> _EXERCISE PROMPT_: Return the data word for word. Pictures are to be omitted.

> _PROVIDED RECORDS_:
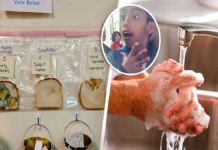 Experimento mostrou a importância de lavar as mãos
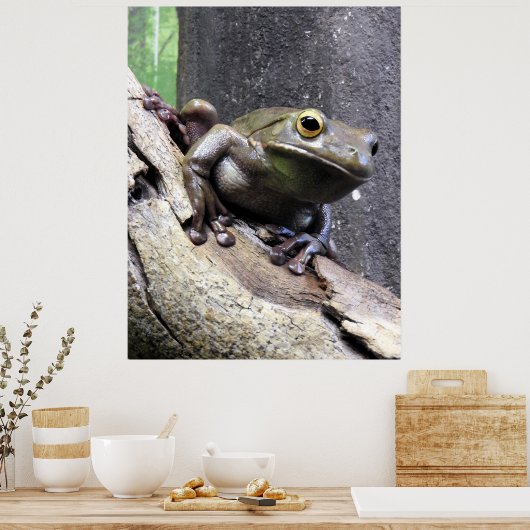 Weißer Baumfrosch Poster (Küche)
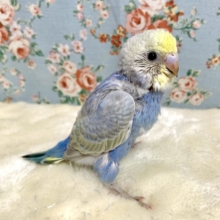 セキセイインコ  パステルレインボークリーム系  🍨💙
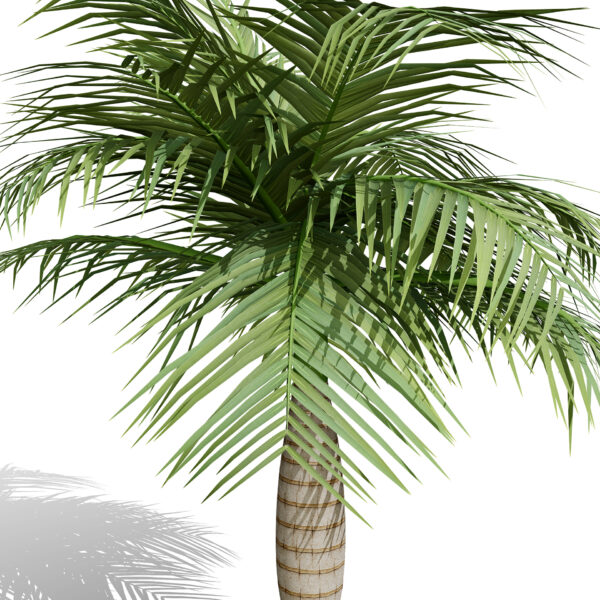 North_American_Buccaneer_Palm_V1 z32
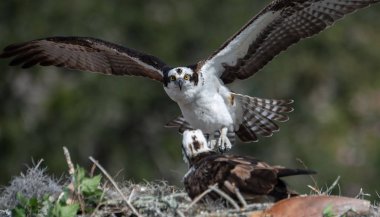 Osprey Florida 'da balık tutuyor. 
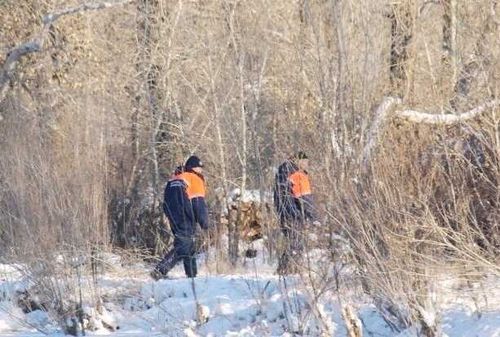 В Туве уже неделю ведутся поиски чабана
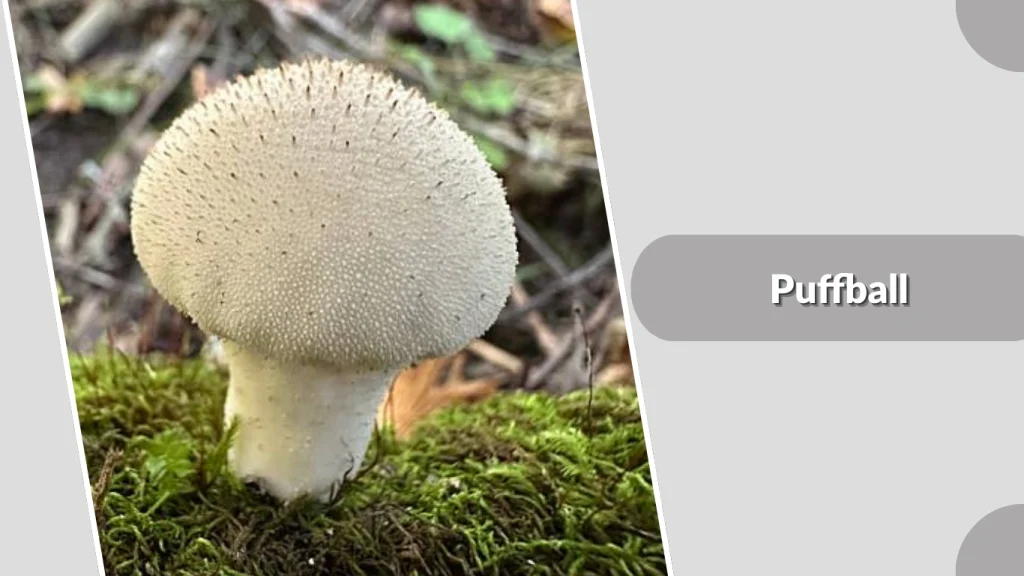 Puffball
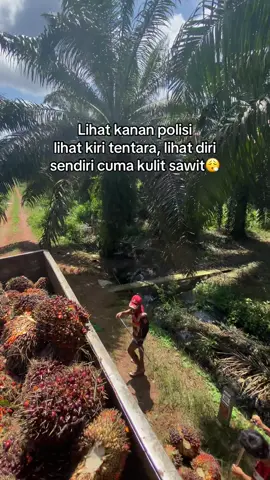 Syukuri aja lah😇#fyp #kulisawit #pemuatsawit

> _PROBLEM SOLUTION_:
 Experimento mostrou a importância de lavar as mãos
 Weißer Baumfrosch Poster (Küche)
 セキセイインコ  パステルレインボークリーム系  🍨💙
 North_American_Buccaneer_Palm_V1 z32
 Osprey Florida 'da balık tutuyor. 
 В Туве уже неделю ведутся поиски чабана
 Puffball
 Syukuri aja lah😇#fyp #kulisawit #pemuatsawit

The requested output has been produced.